Description
Crispy chicken bites in a sweet and tangy homemade pineapple sauce, served over rice. A family favorite!
Ingredients
Scale
- 2 lbs boneless, skinless chicken breasts, cut into 1-inch cubes
- 1/2 cup all-purpose flour
- 1 teaspoon salt
- 1/2 teaspoon black pepper
- 1/4 teaspoon garlic powder
- 1/4 teaspoon onion powder
- 2 large eggs, beaten
- 1 cup panko breadcrumbs
- 1/2 cup vegetable oil, for frying
- 1 tablespoon vegetable oil
- 1 green bell pepper, cut into 1-inch pieces
- 1 red bell pepper, cut into 1-inch pieces
- 1 medium onion, cut into 1-inch pieces
- 1 (20 ounce) can pineapple chunks, undrained
- 1/2 cup pineapple juice (reserved from the can)
- 1/2 cup brown sugar, packed
- 1/4 cup soy sauce
- 1/4 cup ketchup
- 2 tablespoons white vinegar
- 1 tablespoon cornstarch
- 1 tablespoon water
- 1/2 teaspoon ground ginger
- 1/4 teaspoon red pepper flakes (optional, for heat)
- Cooked white rice, for serving
- Chopped green onions, for garnish (optional)
- Sesame seeds, for garnish (optional)
Instructions
- Prepare the Chicken Coating: In a shallow dish, combine the flour, salt, pepper, garlic powder, and onion powder. Mix well.
- Set up the Egg Wash: In another shallow dish, place the beaten eggs.
- Prepare the Panko Breadcrumbs: In a third shallow dish, place the panko breadcrumbs.
- Coat the Chicken: Dredge each chicken cube in the seasoned flour, shake off excess. Dip in the beaten eggs, then dredge in the panko breadcrumbs, pressing gently. Repeat for all chicken.

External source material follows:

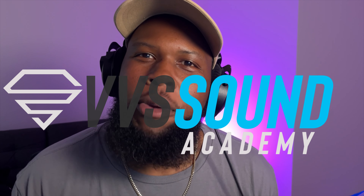Yo yo yo, what's up Diamond family? It's your man Vivi and welcome back to the VVS Academy. As you guys know I'm here every week dropping gems to teach you to record and mix your music better. So if that sounds good to you, stick around.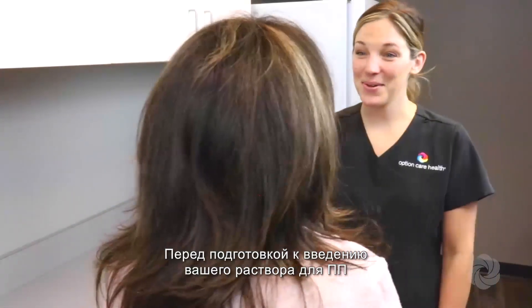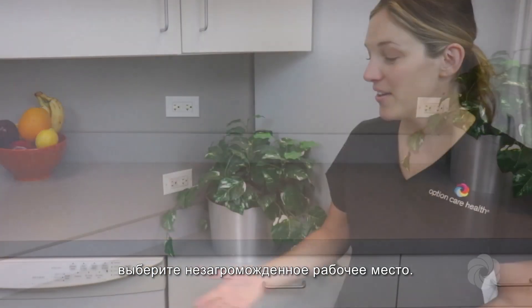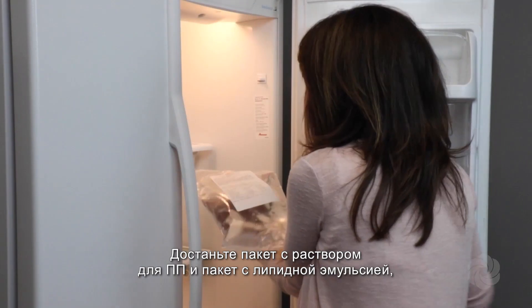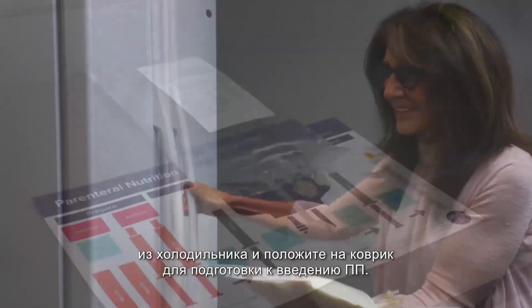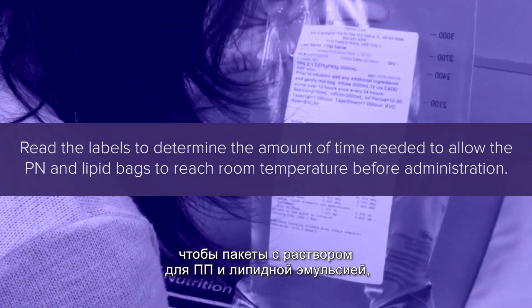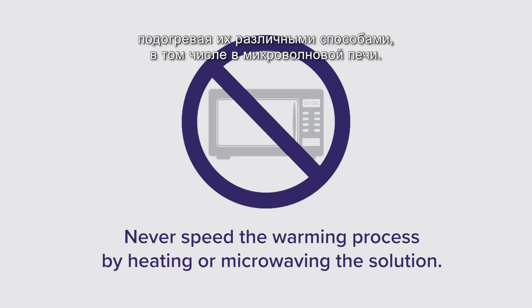Prior to preparing your PN solution for administration, select an uncluttered work area. Clean the work area with warm soapy water or an antimicrobial cleaning agent. Remove both the PN and lipid bag from the refrigerator and place on the PN preparation mat. Read the labels to determine the amount of time needed to allow the PN and lipid bags to reach room temperature before administration. Never speed the warming process by heating or microwaving the solution.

- Heat the Oil: In a large skillet or deep fryer, heat the vegetable oil over medium-high heat (around 350°F/175°C).
- Fry the Chicken: Carefully add the breaded chicken cubes to the hot oil in a single layer. Fry for 3-4 minutes per side, or until golden brown and cooked through (internal temperature of 165°F/74°C).

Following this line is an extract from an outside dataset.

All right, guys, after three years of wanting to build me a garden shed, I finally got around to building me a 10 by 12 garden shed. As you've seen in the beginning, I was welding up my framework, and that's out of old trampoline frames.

- Remove and Drain: Use a slotted spoon to remove the fried chicken and place it on a wire rack lined with paper towels to drain excess oil.
- Sauté the Vegetables: In a large skillet or wok, heat the remaining 1 tablespoon of vegetable oil over medium heat. Add the green bell pepper, red bell pepper, and onion. Sauté for 5-7 minutes, or until the vegetables are tender-crisp.
- Add the Pineapple and Juice: Add the pineapple chunks (undrained) and pineapple juice to the skillet. Stir to combine.
- Combine Sauce Ingredients: In a medium bowl, whisk together the brown sugar, soy sauce, ketchup, white vinegar, ground ginger, and red pepper flakes (if using). Pour this mixture into the skillet with the vegetables and pineapple.
- Thicken the Sauce: In a small bowl, whisk together the cornstarch and water to create a slurry. Pour the cornstarch slurry into the skillet and stir constantly until the sauce thickens (1-2 minutes).
- Add the Chicken to the Sauce: Add the fried chicken to the skillet with the pineapple sauce. Gently toss to coat the chicken evenly with the sauce.
- Simmer: Let the chicken simmer in the sauce for about 2-3 minutes, allowing the flavors to meld together.
- Serve: Serve the Hawaiian Pineapple Chicken hot over cooked white rice. Garnish with chopped green onions and sesame seeds, if desired.
Notes
- Don’t overcrowd the pan when frying the chicken. Fry in batches if necessary.
- Adjust the amount of brown sugar and white vinegar in the sauce to suit your taste.
- Add other vegetables to the sauce, such as carrots, broccoli, or snow peas.
- Add more red pepper flakes or cayenne pepper for a spicier sauce.
- Use fresh pineapple instead of canned pineapple.
- Prepare the chicken and sauce separately ahead of time. Store them in the refrigerator until ready to serve.
- Leftover Hawaiian Pineapple Chicken can be stored in an airtight container in the refrigerator for up to 3-4 days. Reheat in the microwave or on the stovetop until heated through.